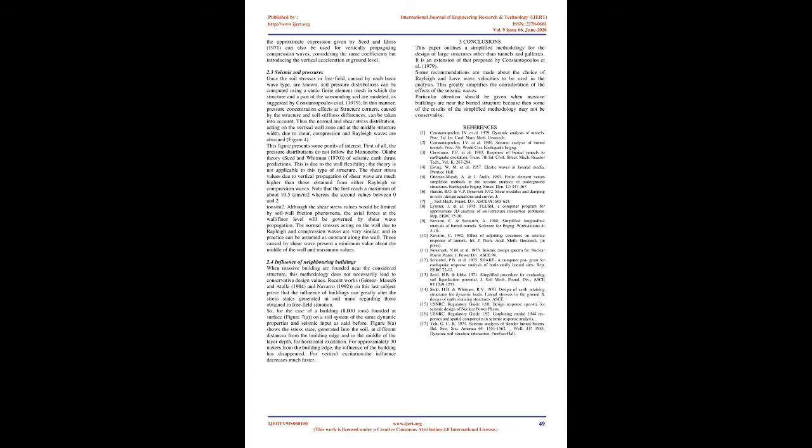The soil stresses caused by vertically propagating body waves may be calculated by means of the computer program SHAKE, Schnabel et al., 1975, or by using the simplified method suggested by Seed and Idriss, 1971, to evaluate soil shear stresses caused by the vertical propagation of shear waves. The author has checked that the approximate expression given by Seed and Idriss, 1971, can also be used for vertically propagating compression waves, considering the same coefficients but introducing the vertical acceleration at ground level.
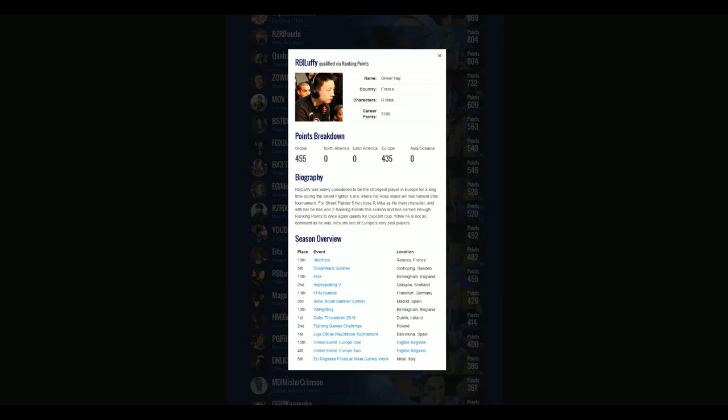In the very next matchup, we have Luffy, who's a former Evolution winner. He's represented France well, and he's one of only two guys in the top 32 playing Rainbow Mika, a character who's really known for unpredictable pressure, both with command grabs and V-Trigger style resets.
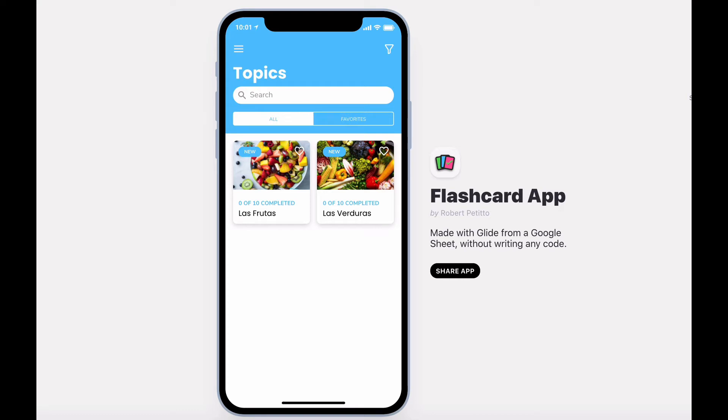Hi, welcome to FlashCard, a simple and customizable FlashCard app to be used to study lists of anything. Lists are broken down into topics. On your topic screen you can get an overview of your progress for each topic.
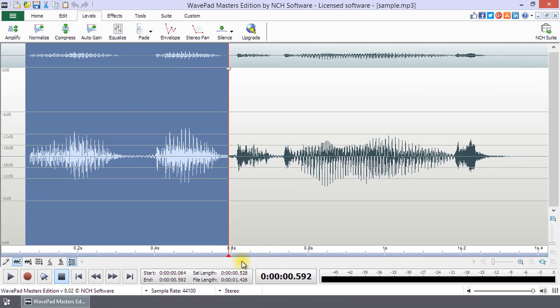When a part of your waveform is selected, click and play will play the selected portion of your audio file only.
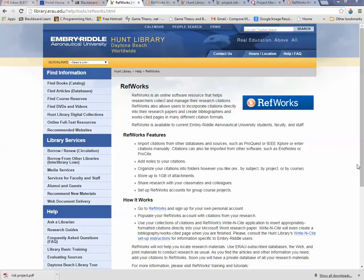Okay, in part two of this RefWorks plus NVivo tutorial, we're going to jump into NVivo.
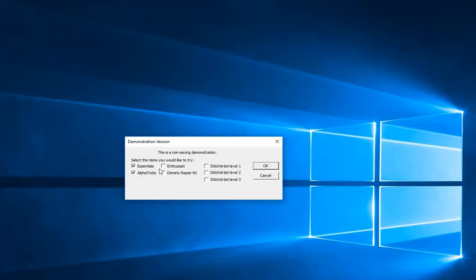You can actually tick all of these boxes and use the full program with all the modules just for testing it out. Again, it doesn't save, but you can try everything out. This Embrilliance tip has been from Embroidery.com.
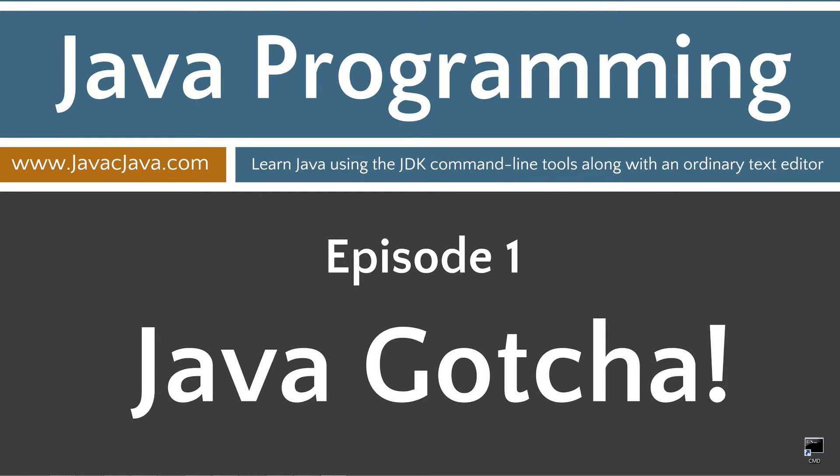Hello everybody, I'm Dan. In my Java Gotcha episodes, I present unusual examples of source code and have you try to figure out what the result will be. This is episode one.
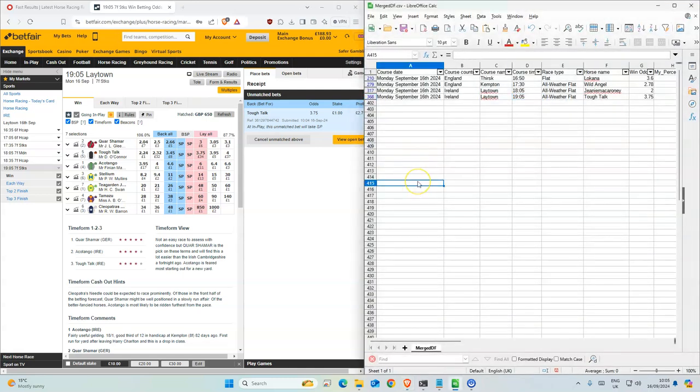Okay, so those are all the selections. I hope this video has helped with your betting today. Don't forget to subscribe and leave a comment below. Thank you, bye.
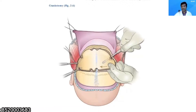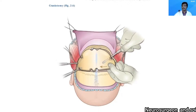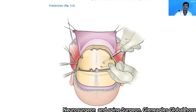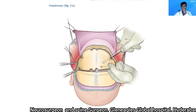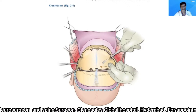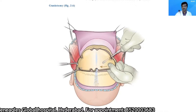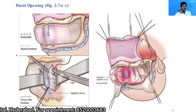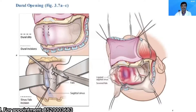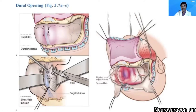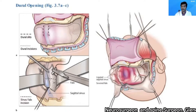Once you have connected the burr holes with the craniotome and connected the two paramedian burr holes, reflect the bone flap back. At this point, if you have opened the frontal sinus, I prefer to place a small flap of galea over it — that is, I will exteriorize the sinus at this point.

▶ What to produce
Starting at the line that holds "Hi, welcome to", write out every remaining line of the material above exactly as it appears. Pictures should not be copied.

▶ Task response
Hi, welcome to FlashCard, a simple and customizable FlashCard app to be used to study lists of anything. Lists are broken down into topics. On your topic screen you can get an overview of your progress for each topic.
When a part of your waveform is selected, click and play will play the selected portion of your audio file only.
Okay, in part two of this RefWorks plus NVivo tutorial, we're going to jump into NVivo.
You can actually tick all of these boxes and use the full program with all the modules just for testing it out. Again, it doesn't save, but you can try everything out. This Embrilliance tip has been from Embroidery.com.
Hello everybody, I'm Dan. In my Java Gotcha episodes, I present unusual examples of source code and have you try to figure out what the result will be. This is episode one.
Okay, so those are all the selections. I hope this video has helped with your betting today. Don't forget to subscribe and leave a comment below. Thank you, bye.
Once you have connected the burr holes with the craniotome and connected the two paramedian burr holes, reflect the bone flap back. At this point, if you have opened the frontal sinus, I prefer to place a small flap of galea over it — that is, I will exteriorize the sinus at this point.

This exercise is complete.